Regression of Carotid and Femoral Artery Intima-Media Thickness in Familial HypercholesterolemiaTreatment With Simvastatin

Author Affiliations

From the Departments of Vascular Medicine (Drs de Sauvage Nolting, de Groot, Trip, and Kastelein) and Clinical Epidemiology and Biostatistics (Dr Zwinderman), Academic Medical Center, Amsterdam, the Netherlands; and the Department of Clinical Research, Merck, Sharp & Dohme, Haarlem, the Netherlands (Dr Buirma). The authors have no relevant financial interest in this article.

Arch Intern Med. 2003;163(15):1837-1841. doi:10.1001/archinte.163.15.1837
Abstract

Objective  To investigate whether high-dose simvastatin therapy could reduce carotid and femoral artery intima-media thickness (IMT) in patients with familial hypercholesterolemia (FH) to prevent cardiovascular disease.

Background  Imaging of arterial walls with B-mode ultrasonography is increasingly used as a noninvasive surrogate marker of cardiovascular disease. Intervention trials using this modality have shown that by reducing risk factors, progression of atherosclerosis was inhibited.

Methods  After a washout period of 6 weeks, all patients with FH started monotherapy with simvastatin, 80 mg/d, for 2 years. The primary end point was the change (in millimeters) of the mean combined far-wall IMT of predefined carotid and femoral arterial segments at 2 years.

Results  We included a total of 153 patients with FH. Mean ± SD combined baseline IMT was 1.07 ± 0.23 mm. After treatment with simvastatin for 2 years, this IMT decreased by a mean of 0.081 mm (95% confidence interval, −0.109 to −0.053; P<.001), with its largest reduction in the femoral artery (−0.283 mm; P<.001). An actual decrease of combined IMT was seen in 69.8% of all patients.

Conclusions  High-dose simvastatin therapy reduces arterial wall IMT in more than two thirds of the patients, with its largest effect on the femoral artery. Furthermore, patients with FH who were treated with both statin and antihypertensive medication experienced a significantly greater benefit in terms of IMT reduction.

FAMILIAL hypercholesterolemia (FH) is a common autosomal dominant disorder of lipoprotein metabolism affecting approximately 1 in 400 individuals in the Netherlands.1 Patients with FH (hereafter referred to as FH patients) have elevated levels of low-density lipoprotein cholesterol (LDL-C), due to mutations in the LDL-receptor gene, which consequently predispose them to the development of atherosclerosis.2 Therefore, FH patients are at severe risk for premature cardiovascular disease (CVD). To modify risk in these FH patients, LDL-C levels need to be aggressively lowered by means of intensive therapy. Methodologically, it would be preferable to investigate drugs that modify lipid levels in double-blind randomized placebo-controlled trials.
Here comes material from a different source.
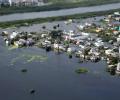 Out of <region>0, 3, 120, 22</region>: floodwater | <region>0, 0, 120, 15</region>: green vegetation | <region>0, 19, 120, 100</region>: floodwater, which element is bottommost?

However, these studies are no longer considered ethical after the evidence obtained with the lowering of lipid levels in non-FH patients with and without a history of CVD.3,4 Moreover, regression of atherosclerosis using coronary angiography has also been demonstrated to occur in FH patients treated with drugs that lower lipid levels.5 Angiography is an invasive technique and cannot, therefore, be used in FH patients without symptoms. Fortunately, a noninvasive surrogate marker has become available in the form of B-mode ultrasonographic imaging of arterial walls. This technique allows for noninvasive assessment of the intima-media thickness (IMT).6 The IMT is associated with age and cardiovascular risk factors such as LDL-C level, blood pressure, and smoking.710 Moreover, intervention trials have shown that reducing risk factors such as LDL-C levels inhibited the progression of atherosclerosis11 or even led to regression of this process.12 Measurements of IMT are therefore now widely accepted as a standardized and validated surrogate marker for atherosclerotic vascular disease.1315

Our group12 was the first to demonstrate that intensive therapy to lower lipid levels with atorvastatin calcium, 80 mg/d, resulted in the actual regression of carotid IMT in most FH patients, and that 40 mg of simvastatin led only to less progression of vascular wall IMT.12 On the basis of previous work in the LDL-Apheresis Atherosclerosis Regression Study16 and results from the Atorvastatin Versus Simvastatin on Atherosclerosis Progression (ASAP) study, we hypothesized that at least a 45% reduction of LDL-C levels would be required to reverse the atherosclerotic process in FH. We therefore also set out to evaluate the effect of simvastatin, 80 mg/d, with its known capacity to lower LDL-C levels by greater than 45%, on the behavior of carotid and femoral IMT during a 2-year intervention. Herein we present the results of our study.

METHODS
SUBJECTS

Familial hypercholesterolemia patients were recruited from the Lipid Research Clinic at the University of Amsterdam, Amsterdam, the Netherlands. Patients were included if they had a molecular diagnosis of FH or a diagnosis of definite FH and 6 or more points, according to an algorithm (to allow standardization of the diagnosis of FH based on clinical findings, personal and familial clinical history, and biochemical variables),17 and were 18 years or older. We included patients with a history of myocardial infarction, coronary artery bypass graft, or percutaneous transluminal coronary angioplasty if the physician thought it was medically allowed for the patient to have a washout period. Patients were excluded if they were pregnant or nursing women or premenopausal women not using adequate contraceptives; had acute liver disease, hepatic dysfunction, or persistent elevations of serum transaminase levels; had hypersensitivity or intolerance to simvastatin or any of its components; had hyperlipidemia type I, III, IV, or V or homozygous FH; had a recent history of alcohol or other drug abuse; had secondary hypercholesterolemia due to any cause; had inadequately controlled diabetes mellitus, unstable angina, intermediate coronary syndrome, clinically significant ventricular arrhythmia at study entry, or myocardial infarction within the past 3 months; were concurrently using erythromycin stearate and similar drugs affecting the cytochrome P-450 enzyme; or had a history of cancer.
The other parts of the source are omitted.